Assignment | With the line containing "this 765×510 image." as the first line and the last line of the records as the final one, reproduce that range exactly.

[Dataset entries]
------------------------------------

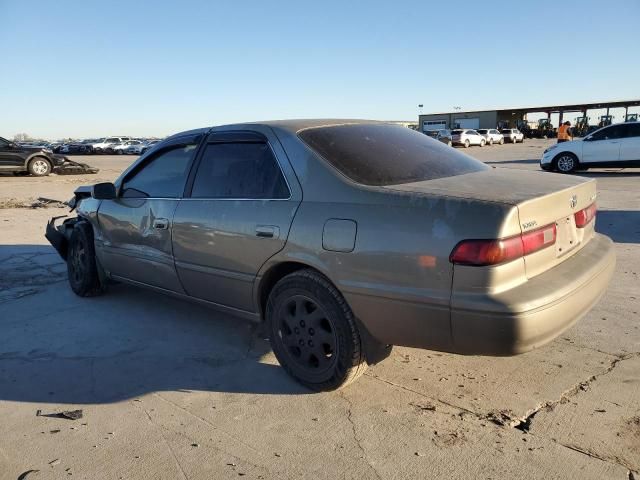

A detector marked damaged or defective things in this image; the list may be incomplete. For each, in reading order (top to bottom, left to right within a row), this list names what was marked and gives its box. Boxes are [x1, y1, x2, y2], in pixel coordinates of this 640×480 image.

damaged toyota camry [43, 120, 616, 390]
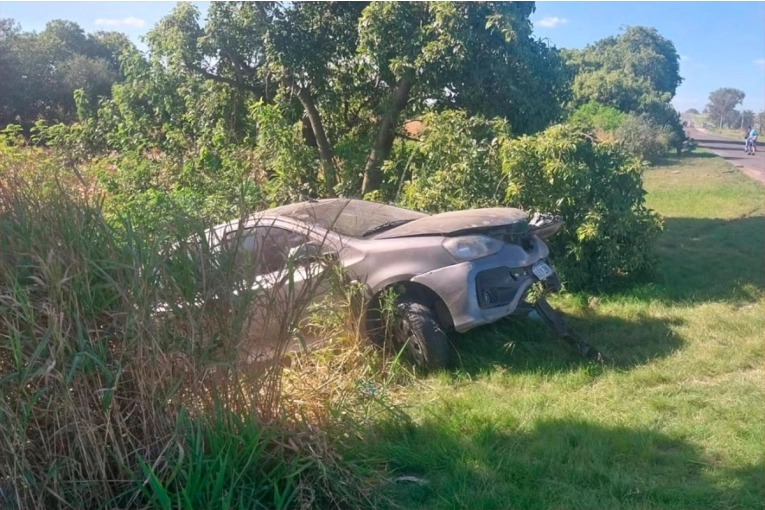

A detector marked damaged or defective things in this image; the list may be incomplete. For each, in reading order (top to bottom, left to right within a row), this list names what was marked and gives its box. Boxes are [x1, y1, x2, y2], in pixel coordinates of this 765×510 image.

crumpled hood [374, 207, 528, 239]
crashed silver car [191, 199, 584, 370]
damaged front bumper [412, 237, 560, 332]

------------------------------------

Output for this task |
A detector marked damaged or defective things in this image; the list may be incomplete. For each, in reading order (top to bottom, left to right within a row), this list names what was marked and gives its box. Boxes are [x1, y1, x2, y2], in pixel coordinates of this 765×510 image.

crumpled hood [374, 207, 528, 239]
crashed silver car [191, 199, 584, 370]
damaged front bumper [412, 237, 560, 332]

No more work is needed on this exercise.